▶ _YOUR GOAL_
Here is the task for the records below: repeat exactly the lines from the one with "Buy Louis Philippe" to the one with "Floral botanical greenery", both included, and nothing else.

▶ _THE RECORDS_
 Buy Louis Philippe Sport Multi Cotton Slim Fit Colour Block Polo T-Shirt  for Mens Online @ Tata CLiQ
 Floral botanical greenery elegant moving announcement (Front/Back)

--

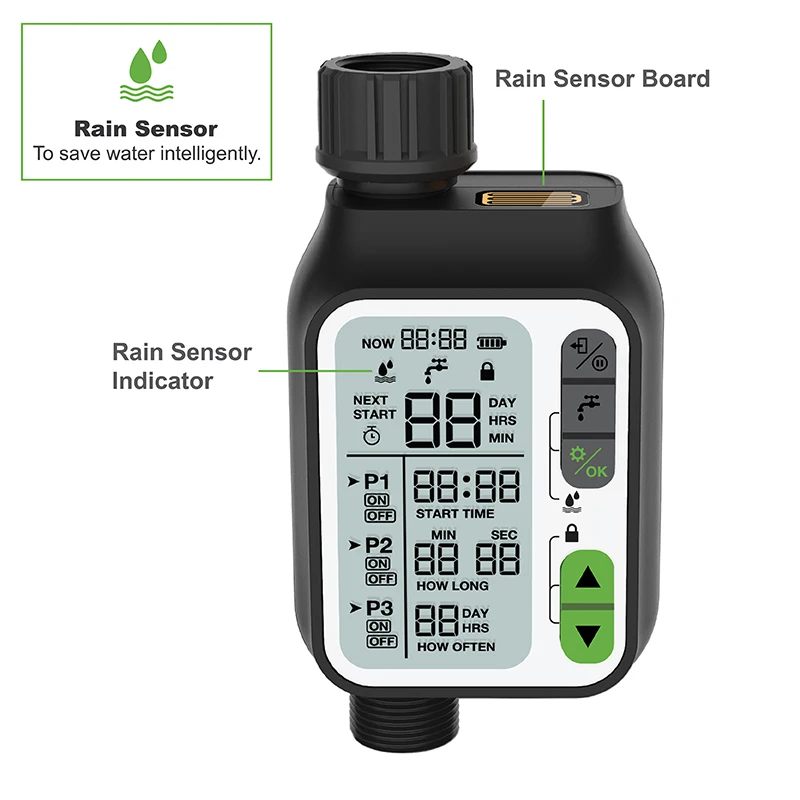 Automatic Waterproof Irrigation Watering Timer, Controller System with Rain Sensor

▶ _WRITTEN ANSWER_
 Buy Louis Philippe Sport Multi Cotton Slim Fit Colour Block Polo T-Shirt  for Mens Online @ Tata CLiQ
 Floral botanical greenery elegant moving announcement (Front/Back)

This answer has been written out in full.